Casetek Holdings Ltd (鎧勝控股), which supplies metal casings for Apple Inc’s iPad products, saw its shares drop yesterday as its first-quarter earnings — the weakest in about six quarters — dimmed investor outlook.
While the company’s business is likely to remain lackluster this quarter, sales are set to resume growth beginning next quarter with new product launches by Apple, analysts said.
“Casetek’s seasonal revenue pattern is highly related to Apple’s product launches,” Taipei-based Daiwa Capital Markets analysts Steven Tseng (曾緒良) and Jason Chen said in a client note, referring to the major US client’s weak iPad shipments in the first quarter and the rumored new iPad product launches in the second half of the year.
Tseng and Chen said the new iPad Air and iPad Mini models could be the key revenue drivers for Casetek in the second half, but the company’s “high client concentration would remain an issue for some time.”

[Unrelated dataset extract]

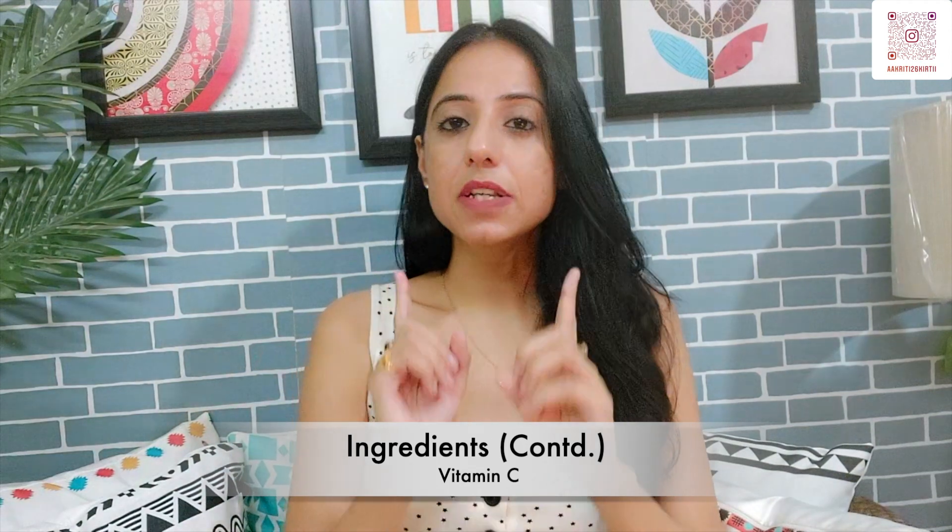Next, Vitamin C. Vitamin C is enriched with antioxidant properties which play a crucial role in collagen formation. Vitamin C also helps our hair grow and strengthens it. It helps reduce hair loss and prevents premature aging of hair.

Based on Daiwa’s estimates, Apple accounted for more than 80 percent of Casetek’s total revenue last quarter, with iPad and iPad Mini casings contributing more than 70 percent of its overall sales.
Casetek shares opened lower in Taipei yesterday and soon hit an intraday low of NT$153.0 in early trading. At the end of trading on the Taiwan Stock Exchange, the stock closed at NT$157.5, 1.56 percent lower than Wednesday and underperforming a 0.42 percent rise on the benchmark TAIEX.
On Wednesday, the company released its first-quarter results after the Taipei bourse closed, showing its quarterly earnings coming below analysts’ forecasts because of the weakening margins.
Net income in the three months through March 31 declined 36.5 percent to NT$1.12 billion (US$37.3 million) from NT$1.77 billion in the prior quarter.
The figure dropped 35.8 percent from NT$1.75 billion in the same period last year and it was the lowest in the past six quarters.
Earnings per share (EPS) were NT$3.3 last quarter, which was lower than the market consensus of NT$3.9.
Major client’s inventory digestion also pushed revenue to contract by 32.8 percent quarter-on-quarter and 22.7 percent year-on-year to NT$7.57 billion last quarter, nearly 16 percent below the market consensus of NT$8.97 billion.
However, the biggest surprise was the weakness of the company’s margins, with gross margin lowering to 27.1 percent and operating margin contracting to 17.2 percent last quarter, compared with the market consensus of 30.9 percent and 22.5 percent respectively.
Yuanta Securities Corp (元大證券) analyst Dennis Chan (詹宗勳) said that the disappointing revenue affected gross margin by about 2 percentage points. However, a change in product mix also negatively affected Casetek’s margins last quarter, he said.
“We attribute the miss to lower yields on a new product,” Chan said in a client note, hinting that Samsung Electronics Co’s smartwatch might be the product at issue.
“We expect metal casing shipments for the Samsung smartwatch, new iPad Air and 12.9-inch iPad to start in the second, third and fourth quarters respectively,” he said.
Yuanta has cut its target share price to NT$199 from NT$230 to factor in the weaker-than-expected margins in the first quarter and a lower EPS forecast, while Daiwa has also lowered its six-month target price to NT$156 from NT$174.